Our review highlights the use of a wide range of theoretical lenses to examine how Industry 4.0 technologies specifically AI, IoT, and VR support the transition to CEE (Figure 4). The ten key theories were identified and grouped into four categories based on their application focus: organizational adaptation and strategic management, institutional and system-level pressures, collaboration and networks, and systems thinking.
Collaboration and network-oriented theories (e.g., ecosystem perspective, stakeholder theory, and supply network configuration) collectively explain why conflicting interests among multiple stakeholders persist. These theories shed light on how value creation is perceived and distributed differently across stakeholders, leading to misalignment, and emphasizing the importance of multi-actor coordination and shared goals. These theories suggest that technologies, such as IoT and AI, can improve stakeholder engagement and reduce tensions across ecosystems when used to enhance transparency and data sharing.
Similarly, theories from the organizational adaptation and strategic management group, such as dynamic capabilities theory, issue life cycle theory, and paradox theory, help us to understand resistance to change not just as a behavioral issue, but as a function of organizational inertia, structural tensions between sustainability and profitability, and insufficient internal learning mechanisms. From this perspective, AI-driven analytics and VR simulations can serve as strategic tools to foster organizational learning and reduce uncertainty, thereby supporting more effective change management.
Theories focused on organizational adaptation and strategic management (e.g., dynamic capabilities, paradox theory, and issue life-cycle theory) explain the barrier of the lack of sustainable leadership, as it is closely linked to the inability of top management to realign the company’s vision and strategy with the goals of the circular economy under conditions of complexity and disruption. These theories explain how strategic judgement and learning can be enhanced by using digital tools. These theories best explain the lack of digitally enabled capabilities and show that firms struggle to integrate digital technologies when they lack the sensing, seizing, and reconfiguring capabilities required for digital circular economy transformation.
Institutional and system level theories (e.g., institutional theory, multi-level perspective) show how institutional pressures from regulation to normative expectations—shape organisational responses to the circular economy. These theories also show that a successful transition requires the alignment of internal transformations (e.g., digital skills and circular models) with external signals such as government policies and industry standards.
Finally, systems thinking offer a holistic explanation of how these barriers interact dynamically, generating reinforcing feedback loops (e.g., low collaboration undermines capability development, which further fuels resistance). In theory, Industry 4.0 technologies such as AI, IoT, and VR, when viewed through these lenses, can serve as enablers of transformation: AI supports intelligent decision-making to align sustainability and business performance; IoT enables data sharing and real-time coordination across networks; and VR promotes experiential learning and stakeholder engagement. Together, the integration of these theoretical perspectives helps illuminate not only the surface barriers, but also the underlying structural, behavioural and institutional causes and how digitally enabled capabilities can be used strategically and collaboratively to overcome them.
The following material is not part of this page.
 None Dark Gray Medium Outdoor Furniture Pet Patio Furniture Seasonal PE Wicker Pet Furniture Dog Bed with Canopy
5.2. Theoretical Explanations of Enablers

In this section, we show how the theoretical perspectives reviewed provide explanations for the enablers that can significantly increase the impact of Industry 4.0 technologies especially AI, IoT, and VR on CEE. Within the group of organizational adaptation and strategic capabilities, dynamic capabilities theory explains what new opportunities organizations can exploit through AI [107]. Digital technologies enable inter-organizational collaborative practices in line with the circularity principles [109]. In addition, paradox theory helps to understand how firms overcome the tensions created by the use of AI to increase their productivity and maintain resource efficiency, all of which increase the value of lean innovation [117]. Collaboration and network theories, such as the ecosystem perspective and stakeholder theory, provide insights into how groups collaborate. These theories explain how organizations collaborate with customers, communities, policymakers, and supply chain partners to co-create circularity and improve legitimacy [111,112].
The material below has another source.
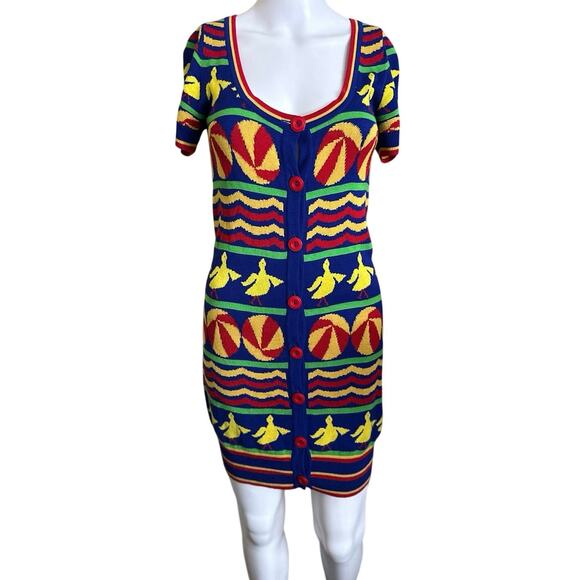 Marc by Marc Jacobs Dress Womens Size 4 Y2K Short Sleeve Mini Sweater Multi - Picture 2 of 8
6. Future Research Agenda and Implications

6.1. Theories to Explore Industry 4.0 and CE Ecosystem

The transition to CEE through I4.0 technologies is seen as both a challenge and an opportunity for businesses, scholars, political leaders, and societal actors [123], making it more difficult for companies to adopt. By addressing these hurdles, support network configuration theory, institutional theory, and multi-level perspectives can be applied, as the CEE is a dynamic process that necessitates a configuration approach. At the same time, companies are facing diverse conflicts and tensions in the shift from linear to circular. They are mainly focusing on profits and ignoring environmental and social sustainability, so they need to apply paradox theory to mitigate conflicts and tensions [84,124], managing responsibly businesses for CE processes and products to create an ecosystem for addressing grand challenges [124]. There is a lack of dynamic capabilities and competencies in companies, so they should utilize dynamic capability theory by using its elements of seizing, sensing, and transforming [81]. These gaps have been used to generate potential research questions, which are provided in Table 7.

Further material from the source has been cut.